With so many numerical guidance systems being incorporated into last year’s SFE (there were six different ensembles in SFE 2015, along with a variety of deterministic guidance!), this year an effort was made to coordinate between the different agencies providing guidance. A big shout out goes to everyone who put their efforts into this coordination, which spans multiple agencies across the United States, including: the National Severe Storms Laboratory, the Center for the Analysis and Prediction of Storms, the University of North Dakota, NOAA’s Earth Systems Research Laboratory/Global Systems Division, and the National Center for Atmospheric Research. This ensemble of 65 members is called the Community Leveraged Unified Ensemble (CLUE), and will be a major focus of this year’s ensemble.
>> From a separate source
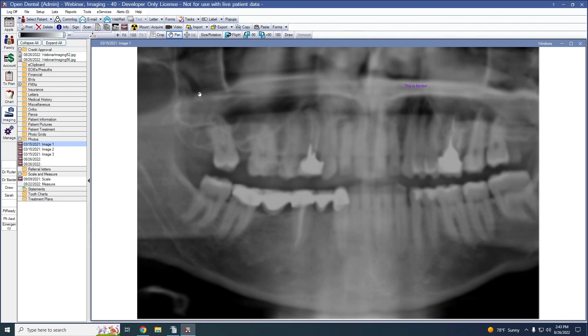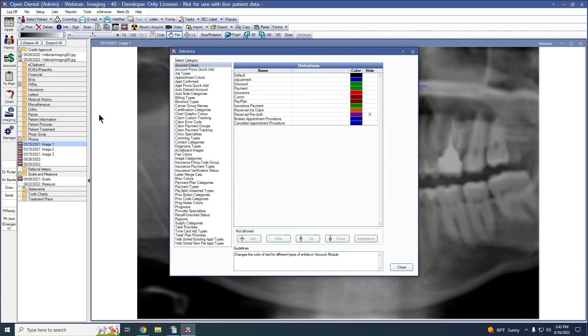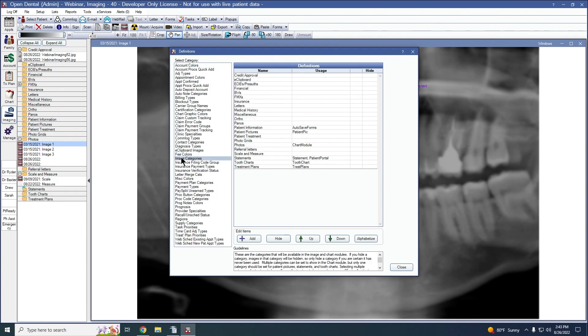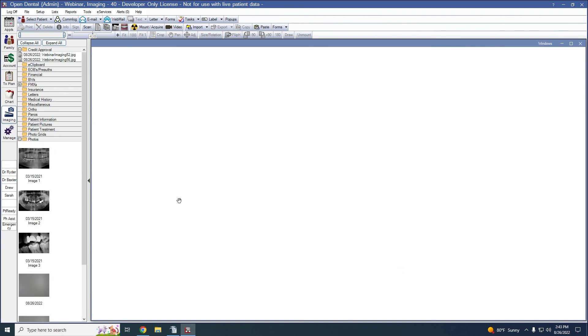The final feature we'll look at today is a new setting for our imaging categories — it is now possible to display image files as thumbnails. To set an imaging category to display thumbnails, go to Setup, Definitions, and Imaging Categories. Here we can select the imaging category that we want to show thumbnails, and then select the box for Show Thumbnails. Please note only files in an image format can be displayed as thumbnails.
All members in the CLUE are initialized on weekdays at 0000 UTC (During the experiment, 0000 UTC = 1900 CST). The members have 3 km grid spacing, and cover the contiguous United States with forecast lengths ranging from 36 to 60 h, depending on the member. The subsets of the ensembles (details of which can be found in the SFE 2016 Operations Plan) are designed to test several aspects of convection-allowing model (CAM) ensemble design, particularly for an operational CAM ensemble. These tests include:
- A dynamic core comparison
- Multi-core vs. single-core ensembles
- Single physics vs. multi-physics
- Data assimilation method comparisons
- Microphysics sensitivities
- Ensemble size comparisons
While lots of verification work will remain after the experiment, participant feedback will allow for the subjective examination of some of these questions. Participants will look at the observed radar reflectivity, Local Storm Reports (LSRs), National Weather Service warnings, and Multi-Radar Multi-Sensor (MRMS) radar-estimated hail sizes to verify different aspects of the CLUE, such as simulated reflectivity, hourly maximum variables, and a variety of hail guidance. Differences between the members and subsets of members will hopefully shed some light on how different ensemble design strategies affect severe convective weather forecasting.